The CORNUCOPIA INSTITUTE, Dominic Marchese, and Rebecca Goodman, Plaintiffs-Appellants, v. UNITED STATES DEPARTMENT OF AGRICULTURE and Sonny Perdue, Secretary of Agriculture, Defendants-Appellees.

No. 17-2422

Decided: March 12, 2018

Before Easterbrook and Sykes, Circuit Judges, and Bucklo, District Judge.* Hope Babcock, Attorney, Ariel Claire Nelson, Attorney, Georgetown University Law Center, Washington, DC, for Plaintiffs–Appellants. Leslie K. Herje, Attorney, Office of the United States Attorney, Madison, WI, Lisa A. Olson, Attorney, Gerard Sinzdak, Attorney, Department of Justice, Civil Division, Appellate Staff, Washington, DC, for Defendants–Appellees.

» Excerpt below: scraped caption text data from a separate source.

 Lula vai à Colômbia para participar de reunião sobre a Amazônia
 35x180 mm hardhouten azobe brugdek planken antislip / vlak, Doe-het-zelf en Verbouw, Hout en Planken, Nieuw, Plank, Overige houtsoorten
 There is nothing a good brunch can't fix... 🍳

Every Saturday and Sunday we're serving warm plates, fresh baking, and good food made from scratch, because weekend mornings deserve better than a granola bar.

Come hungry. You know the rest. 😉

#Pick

The National Organic Standards Board, an advisory committee, has 15 members, all appointed by the Secretary of Agriculture. 7 U.S.C. § 6518(b), (c). The Board’s principal task is advising the Secretary what belongs on the “National List of approved and prohibited substances that shall be included in the standards for organic production and handling” (7 U.S.C. § 6517(a) ). See 7 U.S.C. § 6518(k)(2).

Dominic Marchese and Rebecca Goodman, who operate organic farms, have asked the Secretary to appoint them to the Board, but without success. In 2011, when Marchese applied, the Secretary appointed Carmela Beck instead; in 2014, when Goodman applied, the Secretary picked Ashley Swaffar. In this suit under the Administrative Procedure Act Marchese and Goodman, plus the Cornucopia Institute (an organic-farming group to which Marchese and Goodman belong), contend that Beck and Swaffar are ineligible to fill the seats to which they were appointed. Problem: throwing Beck and Swaffar off would not put Marchese or Goodman on. This led the district court to dismiss the suit for lack of standing. 260 F.Supp.3d 1061 (W.D. Wis. 2017).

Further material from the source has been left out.